In Don’t Close Your Eyes, Mark is always buying people coffee. He calls it his, “Good Deed for the Day.” I want to pay it forward and have a contest where I’ll send someone a $25 Starbucks card to buy yourself and maybe even someone else a cup of coffee. To enter, post a picture of you reading my book or a photo of my book someplace cool (like the photos below), and post it with the hashtag #MarksGoodDeed. If you don’t have a Twitter or Instagram account, you can send me a link (email@example.com) of your post. Below is the good deed for the day scene from Don’t Close Your Eyes.
Don’t Close Your Eyes Excerpt
Annie, sitting at her usual table, refocused on the stack of ungraded papers. The dark circles under her eyes were hidden behind darker sunglasses. Blond and fair skinned, she lacked sleep, which brought out raccoon eyes. Too bad she couldn’t wear the shades while teaching.
“Happy hump day.” Fred waved his cup of espresso with extra milk as he moved to his booth. For reasons unbeknownst to Annie, the elderly widower was always happier on Wednesdays. Sometimes, when the place was full, he’d even sit with her to chat.
Annie smiled. “Did you have a good night last night?”
“Sure did.” A sparkle brightened his light blue eyes. He sat down and pulled out his newspaper. Was he seeing some lady on Tuesdays? Not that it mattered, Annie liked seeing happy people.
Glancing out the window, she took in the early-morning walkers trying to get their steps in. The quaint coffee shop nestled between high-rises in downtown Anniston, Texas, was conveniently located a block from the junior college where she’d taught for last five months. Coming here had become part of her morning ritual. Being an only child, she liked feeling as if she was part of a community. She knew the regulars. They knew her. At least most of them did.
The door swished open. Pretty sure who it was, she glanced up, without lifting her head. He always arrived between seven and seven thirty. The coffee shop was conveniently located a block from the police precinct, too.
Detective Sutton liked the dark roast and drank it black. Sometimes, he added a skinny hazelnut latte to his order. Probably for some long-legged, lucky secretary at his office.
While Annie was certain he’d never noticed her—he was one who didn’t speak or even nod—she’d noticed him.
Even before she’d seen him on television.
It wasn’t just his big-gulp size, or his big-gulp good looks.

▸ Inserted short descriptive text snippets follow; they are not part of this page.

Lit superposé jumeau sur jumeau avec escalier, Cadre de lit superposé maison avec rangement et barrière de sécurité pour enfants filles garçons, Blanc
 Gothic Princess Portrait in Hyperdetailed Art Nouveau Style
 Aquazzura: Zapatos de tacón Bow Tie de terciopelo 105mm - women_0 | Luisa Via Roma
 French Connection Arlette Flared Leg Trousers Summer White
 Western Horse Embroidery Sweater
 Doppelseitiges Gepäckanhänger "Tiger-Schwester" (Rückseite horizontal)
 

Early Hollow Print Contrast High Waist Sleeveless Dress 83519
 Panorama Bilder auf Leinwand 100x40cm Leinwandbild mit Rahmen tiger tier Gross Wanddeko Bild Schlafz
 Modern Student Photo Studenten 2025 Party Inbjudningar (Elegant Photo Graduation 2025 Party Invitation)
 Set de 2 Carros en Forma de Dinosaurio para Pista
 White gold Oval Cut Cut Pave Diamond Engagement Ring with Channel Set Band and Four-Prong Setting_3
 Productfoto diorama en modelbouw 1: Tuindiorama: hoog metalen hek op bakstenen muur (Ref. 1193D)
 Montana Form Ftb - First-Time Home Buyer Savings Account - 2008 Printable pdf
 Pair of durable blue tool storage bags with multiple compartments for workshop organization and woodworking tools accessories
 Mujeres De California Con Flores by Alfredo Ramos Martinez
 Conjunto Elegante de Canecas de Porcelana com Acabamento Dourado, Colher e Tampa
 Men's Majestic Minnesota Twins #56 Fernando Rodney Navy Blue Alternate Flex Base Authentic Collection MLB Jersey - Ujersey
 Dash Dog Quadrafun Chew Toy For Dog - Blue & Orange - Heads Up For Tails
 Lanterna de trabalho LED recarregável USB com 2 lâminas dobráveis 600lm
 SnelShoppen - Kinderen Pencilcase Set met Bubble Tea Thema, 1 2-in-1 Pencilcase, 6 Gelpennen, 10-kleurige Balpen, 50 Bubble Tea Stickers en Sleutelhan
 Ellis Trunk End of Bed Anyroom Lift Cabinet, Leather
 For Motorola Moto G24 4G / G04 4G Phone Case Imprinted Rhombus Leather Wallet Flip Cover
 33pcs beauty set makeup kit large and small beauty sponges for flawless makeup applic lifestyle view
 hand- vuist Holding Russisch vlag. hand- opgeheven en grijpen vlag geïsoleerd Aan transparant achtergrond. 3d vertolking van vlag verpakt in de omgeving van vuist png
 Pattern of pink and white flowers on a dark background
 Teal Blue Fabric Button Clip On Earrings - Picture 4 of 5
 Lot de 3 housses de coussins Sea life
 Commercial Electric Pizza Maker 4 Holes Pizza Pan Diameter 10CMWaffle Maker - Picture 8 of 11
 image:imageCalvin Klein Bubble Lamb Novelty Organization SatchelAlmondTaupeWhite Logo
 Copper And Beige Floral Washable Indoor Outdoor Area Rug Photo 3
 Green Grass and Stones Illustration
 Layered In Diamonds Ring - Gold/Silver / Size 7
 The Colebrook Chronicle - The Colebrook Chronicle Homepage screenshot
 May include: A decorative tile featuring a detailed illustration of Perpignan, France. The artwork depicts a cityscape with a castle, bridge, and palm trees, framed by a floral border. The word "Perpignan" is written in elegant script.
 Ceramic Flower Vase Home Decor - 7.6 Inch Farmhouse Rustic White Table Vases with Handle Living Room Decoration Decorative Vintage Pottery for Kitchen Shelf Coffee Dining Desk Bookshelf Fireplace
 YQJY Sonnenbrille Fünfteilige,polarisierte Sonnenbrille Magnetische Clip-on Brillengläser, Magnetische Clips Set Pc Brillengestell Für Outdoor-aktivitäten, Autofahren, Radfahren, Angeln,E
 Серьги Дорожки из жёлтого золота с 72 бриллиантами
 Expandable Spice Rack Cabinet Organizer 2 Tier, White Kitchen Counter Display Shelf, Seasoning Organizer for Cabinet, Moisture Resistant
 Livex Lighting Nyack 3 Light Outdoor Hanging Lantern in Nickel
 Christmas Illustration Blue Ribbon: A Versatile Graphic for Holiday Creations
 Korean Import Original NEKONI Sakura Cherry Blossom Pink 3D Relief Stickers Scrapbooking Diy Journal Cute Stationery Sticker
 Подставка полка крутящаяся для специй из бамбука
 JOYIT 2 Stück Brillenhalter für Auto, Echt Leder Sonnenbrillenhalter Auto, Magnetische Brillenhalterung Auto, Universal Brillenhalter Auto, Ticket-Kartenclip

Oh, she noticed those, too—hard not to—but it was the fact that, like her, he hid behind sunglasses. Considering most of his cases involved murder and some involved children—she wondered if he wasn’t suffering from some bad nightmares, too.He shot to the counter with his usual determined pace. Not so much rude as running late.
Today, he wore his navy Dockers and his light blue buttoned-down oxford. The shirt, creases down the sleeves, no doubt dry-cleaned, hugged his broad chest. His dark hair appeared freshly showered damp.
The customer ahead of him, an elderly grandmother—not a regular—looked antique and frail. “I know I’ve got some coins…” Her arm, lost in her big purse, fumbled for loose change.
Annie waited to see if he’d do it again. She’d seen it happen six times.
“I got her coffee,” he spoke over the woman’s gray hair to Mary, the barista.
The older woman looked back, and up. And up. “Why that’s sweet, but I’ve got…”
My good deed for the day, Annie said in her head, right before he did.
A smile curled up in her gut and gave her good-guy butterflies. She’d even borrowed his act of kindness herself.
Shamelessly, she’d considered attempting to be his good deed for the day for an introduction-and maybe more. But she’d failed at her last attempts of “more.” And considering the return of her nightmares, she needed to get her life fixed before she asked for company.